The ultimate put up or shut up gun study (hypothetical)
Let's say we wanted to do a study that directly addresses the question about guns and safety that people are most likely to have: "If I bring a gun into my household, will it make me and the other people there more or less safe?"
Here's the study: we start with a very large sample that is representative of the American population (say 100,000) and we follow them for, say, five years. Along the way, we record every serious injury and every death (including suicide). At the end of the five year period, we tot up the figures for gun and non-gun households (pro-rating for households that acquired or disposed of guns along the way).
Now, either the gun-possessing households are more safe, or less safe than the non-gun households, or else there's no significant difference. Should settle the issue once and for all.

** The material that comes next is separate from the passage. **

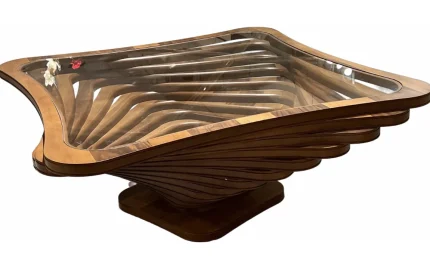 Walnut Center Table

Why, you might ask, include all deaths and injuries? Gun people point out, quite correctly, that just because someone committed suicide with a gun, that doesn't mean they wouldn't have committed suicide by some other means. I'm willing to go further than that. Maybe someone who would have committed suicide with a gun but didn't have one still lives self-destructively and dies (or is injured) in an incident that isn't clearly intentional. (Picture someone who goes out and gets into drunken brawls on a regular basis and one day dies of a beating.)
What about defensive gun uses (DGUs)? Well, if they're successful, they should have an effect on the deaths and injury stats, right?
What about DGUs in defense of property? The study isn't about that. Might be a good subject for another study.
Isn't it pointless to include natural deaths and injuries unrelated to violence in the results? That would open up a whole can of worms about which injuries and deaths would be unrelated to violence that would be affected by the presence of guns. Gun people seem to think that just having a gun wards off attackers. Maybe they're right. Besides, that's the reason for the very large sample size -- the unrelated deaths and injuries should be equal in both groups.
On edit: one other thing: what about people outside the household who die or are injured as a result of some sort of encounter with people inside the household. Well -- this is weird, but I wouldn't count them in this study. A hit man could have a very safe home, I suppose.
I'm expecting to hear from the CDC and the NRA any day.